Supplied material:
============================================================
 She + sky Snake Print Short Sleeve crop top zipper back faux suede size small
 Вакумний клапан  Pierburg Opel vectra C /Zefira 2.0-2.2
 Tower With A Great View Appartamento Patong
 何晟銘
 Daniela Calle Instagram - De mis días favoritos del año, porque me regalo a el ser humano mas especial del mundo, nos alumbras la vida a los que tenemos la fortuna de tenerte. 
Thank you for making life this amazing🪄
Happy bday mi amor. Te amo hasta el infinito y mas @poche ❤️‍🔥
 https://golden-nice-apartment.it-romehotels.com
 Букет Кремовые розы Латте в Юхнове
============================================================
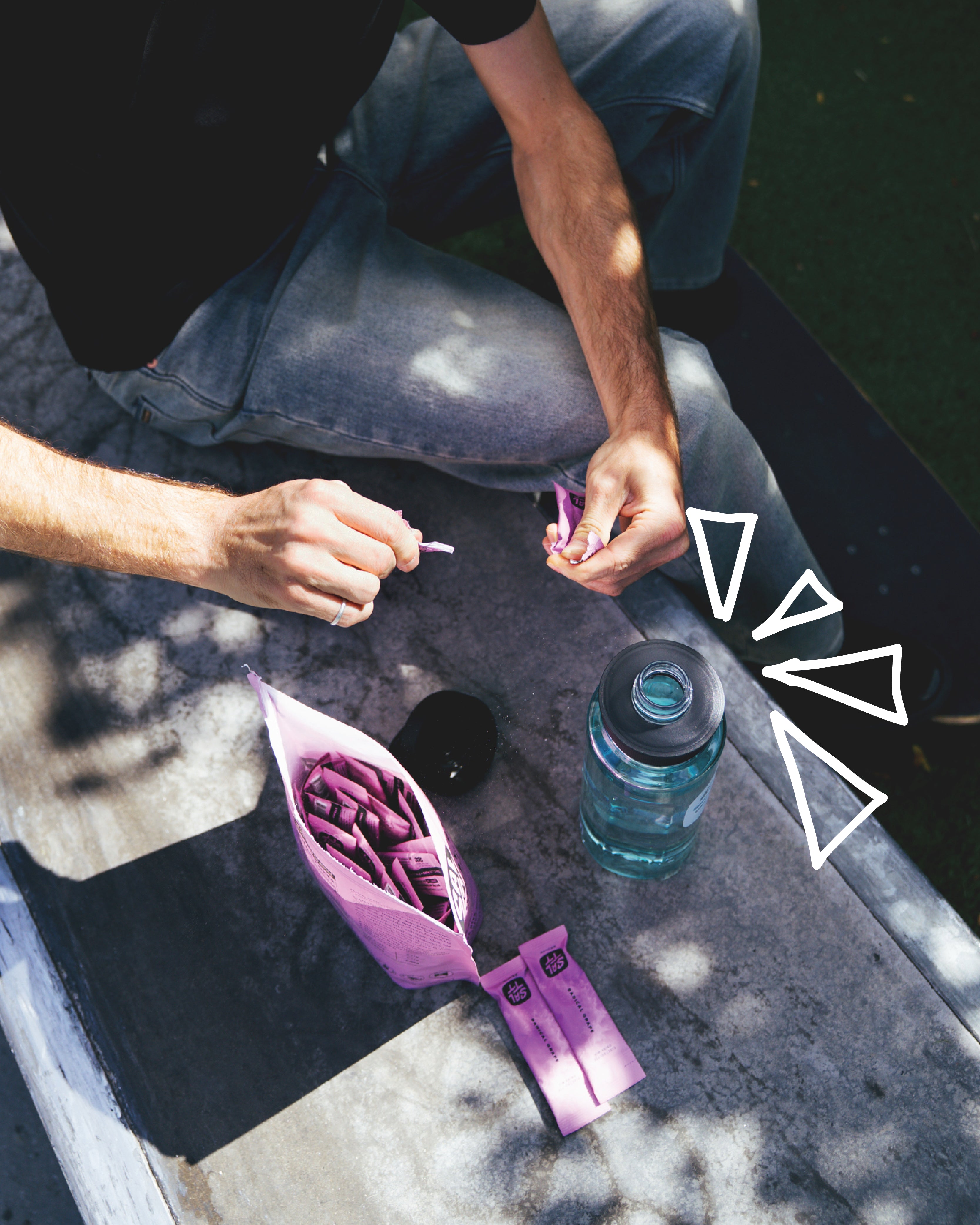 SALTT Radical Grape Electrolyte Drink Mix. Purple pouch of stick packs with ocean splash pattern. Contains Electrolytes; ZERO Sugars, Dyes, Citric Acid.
============================================================
When you reach the line containing "https://golden-nice-apartment.it-romehotels.com" in the data above, start copying exactly, and stop after the line containing "Букет Кремовые розы Латте в Юхнове".

Written solution:
 https://golden-nice-apartment.it-romehotels.com
 Букет Кремовые розы Латте в Юхнове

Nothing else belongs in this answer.